Eamonn Donaghy, the foremost campaigner for the Assembly to have business tax powers, said this week's passage by the House of Lords of legislation to lower the tax rate was an important milestone.
But Mr Donaghy said the move was merely "the end of the beginning" in the decades-long discussion over devolution of corporation tax powers, and that politicians now had to implement the Stormont House Agreement in full to keep their side of the bargain.
Mr Donaghy, head of tax at business advisors KPMG, said devolving corporation tax to Northern Ireland would help rebalance the economy away from the public sector.
He said the measure would create jobs - with estimates from the Department of Enterprise, Trade and Investment that a lower rate of tax would create 37,400 jobs by 2030 -down from predictions in 2006 of a 180,00 jobs bonanza.
"This is not about helping big business or putting money in fat cats' pockets - it's about rebalancing our economy, creating private sector investment and making Northern Ireland a better place."
And he said he disagreed with the argument that lowering corporation tax at an annual cost of £300m to the block grant presents too great a cost and jeopardises public services.
"We are seeing cuts to the public sector in any event so this gives us something to show for it."
According to a timetable set by the Treasury, a cut in corporation tax would come in force in April 2017.
The lower rate would then apply to profits made in the tax year ending March 2018.
Mr Donaghy said a lower rate of corporation tax would bring more investment from overseas companies into Northern Ireland.
He said he had also heard "anecdotally" of existing foreign direct investors in Northern Ireland who would increase their activities here in the event of a lower rate.

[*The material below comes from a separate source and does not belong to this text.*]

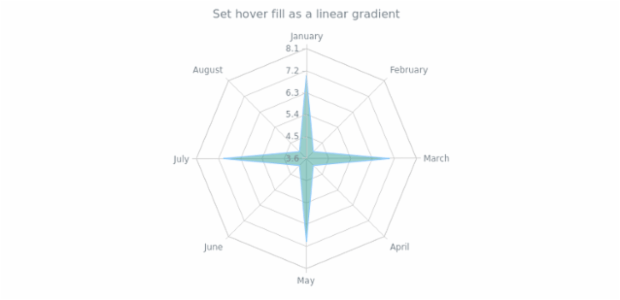 anychart.core.radar.series.Area.hoverFill set asOpacity created by AnyChart Team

"You might have someone who might be manufacturing in Northern Ireland saying that they will now have further operations - such as research and development - with corporation tax reform."
Corporation tax across the UK will be set at 20% from next month following reforms announced by the UK coalition.
And Mr Donaghy said there was no likelihood that the measure would result only in enrichment of chief executives and company directors at the expense of their employees.
"In any event company directors who have money to spend are better off from a tax point of view reinvesting it in their companies," he said.
"I am sure there will be people who will go and buy new cars and new houses and you can't legislate for that but the vast majority want to reinvest in their business."
‘It helps, but the pool of talented labour will attract investors’
A reduced rate of corporation tax is not a ‘silver bullet’ that will save the economy, as investment in other areas is needed to lure overseas firms to Northern Ireland, it has been claimed.
It is argued that skills, infrastructure, political stability, and research and development (R&D) are all important factors in attracting foreign direct investment (FDI), and Northern Ireland can not rely solely on lower tax to bring in companies.
There are questions surrounding how effective the lower rate of tax will be in attracting FDI. The Republic of Ireland had a low rate from the mid-1950s, but did not see growth in FDI until the late 1980s when the rate was higher, business advisors PwC said.
Having the power to set its own rate of corporation tax will mean the loss of £300m per year for the Executive, as the block grant must be cut to make up the loss to the Treasury’s coffers.
In addition, under half (34,000) of Northern Ireland’s 70,000 Vat-incorporated businesses would be eligible for the lower rate. The success of a lower rate will be depend on “supply-side” policies, such as skills, infrastructure and communication, according to PwC.
Angela McGowan, chief economist at Danske Bank, said: “While low corporation tax may be a favourable element to our overall offering, it will also be the potential pool of talented labour that will attract and retain those valuable foreign investments.
“For investment purposes, firms favour macro economic stability and a fair degree predictability around taxes. But ultimately taxation is only one aspect of the investment decision. Labour costs, business rates, energy and insurance costs will all come into the mix — as will political stability, infrastructure and the skill levels of the local labour force.
“Indeed, firms often cite skills as one of the most important factors when exploring foreign investments.
“As the global economy becomes increasingly knowledge-based, advanced economies will find that their talent pool becomes the deal-clincher for the vast majority of investment decisions.”
PwC chief economist Esmond Birnie said that even if overseas firms move to the region, they won’t necessarily bring high-paying jobs.
“There is a debate whether Northern Ireland will be able to attract high R&D activity.”
He said companies with sigificant R&D activities “tend to have higher costs and lower profits, so are less attracted by lower profit tax”.
The devolved powers still have the pass the European Commission’s rules around State Aid.
In the event of devolution, the power cannot not be taken back by Whitehall, and all the tax losses must be paid for by Stormont.